----- Material for the task

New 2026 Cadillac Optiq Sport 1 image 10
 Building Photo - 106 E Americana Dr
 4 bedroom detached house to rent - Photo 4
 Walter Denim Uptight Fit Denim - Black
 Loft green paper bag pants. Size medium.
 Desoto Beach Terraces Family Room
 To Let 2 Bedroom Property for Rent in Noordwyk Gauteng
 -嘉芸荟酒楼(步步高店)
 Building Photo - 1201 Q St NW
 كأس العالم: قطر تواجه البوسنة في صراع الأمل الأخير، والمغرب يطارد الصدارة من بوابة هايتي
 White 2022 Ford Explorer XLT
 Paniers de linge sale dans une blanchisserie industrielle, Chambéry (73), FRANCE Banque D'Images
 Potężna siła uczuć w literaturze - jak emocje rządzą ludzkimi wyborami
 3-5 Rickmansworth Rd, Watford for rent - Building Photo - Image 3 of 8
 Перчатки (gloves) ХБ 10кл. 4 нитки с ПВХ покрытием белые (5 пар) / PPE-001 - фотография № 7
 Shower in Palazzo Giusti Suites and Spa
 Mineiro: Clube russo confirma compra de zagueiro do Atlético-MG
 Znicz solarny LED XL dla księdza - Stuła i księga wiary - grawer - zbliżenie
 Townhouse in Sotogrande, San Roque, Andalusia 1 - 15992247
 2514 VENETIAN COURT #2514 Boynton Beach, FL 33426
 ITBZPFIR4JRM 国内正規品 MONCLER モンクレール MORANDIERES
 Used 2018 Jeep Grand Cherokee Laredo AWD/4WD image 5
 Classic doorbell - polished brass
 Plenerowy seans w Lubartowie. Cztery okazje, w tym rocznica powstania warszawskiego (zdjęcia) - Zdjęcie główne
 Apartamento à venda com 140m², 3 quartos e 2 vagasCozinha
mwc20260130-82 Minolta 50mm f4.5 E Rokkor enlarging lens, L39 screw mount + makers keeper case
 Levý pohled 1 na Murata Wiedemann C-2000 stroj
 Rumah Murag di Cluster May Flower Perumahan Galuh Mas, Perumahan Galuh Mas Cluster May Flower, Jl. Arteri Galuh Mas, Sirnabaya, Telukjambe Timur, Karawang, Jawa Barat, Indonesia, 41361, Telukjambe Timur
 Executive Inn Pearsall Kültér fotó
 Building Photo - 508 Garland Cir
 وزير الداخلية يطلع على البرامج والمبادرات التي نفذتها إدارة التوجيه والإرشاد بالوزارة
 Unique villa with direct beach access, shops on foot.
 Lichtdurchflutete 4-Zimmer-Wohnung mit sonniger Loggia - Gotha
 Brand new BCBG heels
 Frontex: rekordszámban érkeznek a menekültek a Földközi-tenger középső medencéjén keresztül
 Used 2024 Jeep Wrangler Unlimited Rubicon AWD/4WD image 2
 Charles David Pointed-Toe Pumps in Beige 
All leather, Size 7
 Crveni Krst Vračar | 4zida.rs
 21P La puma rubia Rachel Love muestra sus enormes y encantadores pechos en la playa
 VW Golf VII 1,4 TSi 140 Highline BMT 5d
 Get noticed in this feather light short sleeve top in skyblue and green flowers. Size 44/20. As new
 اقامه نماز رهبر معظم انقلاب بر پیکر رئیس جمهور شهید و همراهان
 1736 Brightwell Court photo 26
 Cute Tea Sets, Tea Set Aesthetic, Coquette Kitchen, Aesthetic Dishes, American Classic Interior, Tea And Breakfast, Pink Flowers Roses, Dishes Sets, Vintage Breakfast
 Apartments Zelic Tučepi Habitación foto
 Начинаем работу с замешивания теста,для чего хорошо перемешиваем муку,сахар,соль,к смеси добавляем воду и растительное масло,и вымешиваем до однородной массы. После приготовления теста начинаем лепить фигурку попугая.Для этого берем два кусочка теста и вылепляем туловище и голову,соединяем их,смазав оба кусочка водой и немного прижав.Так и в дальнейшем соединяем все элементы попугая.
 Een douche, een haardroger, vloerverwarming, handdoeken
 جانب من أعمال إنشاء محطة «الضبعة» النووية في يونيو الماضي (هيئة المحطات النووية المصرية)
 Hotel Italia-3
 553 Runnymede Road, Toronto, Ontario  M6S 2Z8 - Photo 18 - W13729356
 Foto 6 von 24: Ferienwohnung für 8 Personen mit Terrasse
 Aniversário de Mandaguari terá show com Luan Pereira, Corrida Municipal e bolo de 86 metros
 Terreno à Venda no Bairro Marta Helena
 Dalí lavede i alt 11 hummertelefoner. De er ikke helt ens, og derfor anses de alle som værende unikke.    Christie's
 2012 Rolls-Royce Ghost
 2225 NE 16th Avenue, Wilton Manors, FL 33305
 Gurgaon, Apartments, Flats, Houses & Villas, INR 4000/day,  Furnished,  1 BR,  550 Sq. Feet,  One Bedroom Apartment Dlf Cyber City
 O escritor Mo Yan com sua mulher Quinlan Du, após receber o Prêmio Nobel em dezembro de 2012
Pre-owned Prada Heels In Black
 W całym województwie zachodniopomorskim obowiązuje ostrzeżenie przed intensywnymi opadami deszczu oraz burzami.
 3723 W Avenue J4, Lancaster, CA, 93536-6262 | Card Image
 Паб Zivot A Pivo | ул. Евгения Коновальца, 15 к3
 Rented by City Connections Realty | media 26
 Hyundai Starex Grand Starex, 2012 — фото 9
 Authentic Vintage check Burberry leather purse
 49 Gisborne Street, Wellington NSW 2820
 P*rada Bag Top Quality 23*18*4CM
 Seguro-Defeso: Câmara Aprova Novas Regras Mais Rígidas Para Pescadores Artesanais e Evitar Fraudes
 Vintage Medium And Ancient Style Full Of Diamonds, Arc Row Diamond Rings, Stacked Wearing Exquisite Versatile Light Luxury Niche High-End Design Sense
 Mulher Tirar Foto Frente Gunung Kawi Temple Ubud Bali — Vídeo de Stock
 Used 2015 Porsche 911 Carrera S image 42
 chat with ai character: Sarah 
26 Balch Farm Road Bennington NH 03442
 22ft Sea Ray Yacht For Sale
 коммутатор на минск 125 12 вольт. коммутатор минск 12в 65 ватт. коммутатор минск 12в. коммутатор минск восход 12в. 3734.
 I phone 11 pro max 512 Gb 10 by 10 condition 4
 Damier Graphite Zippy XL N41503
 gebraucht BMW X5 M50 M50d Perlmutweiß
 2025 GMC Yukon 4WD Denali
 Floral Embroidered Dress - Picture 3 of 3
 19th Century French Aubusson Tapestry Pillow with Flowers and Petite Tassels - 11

----------

*Work item*: For the listing above, find how many lines hold the word "Black". Only the number should be written.

*Task answer*: 2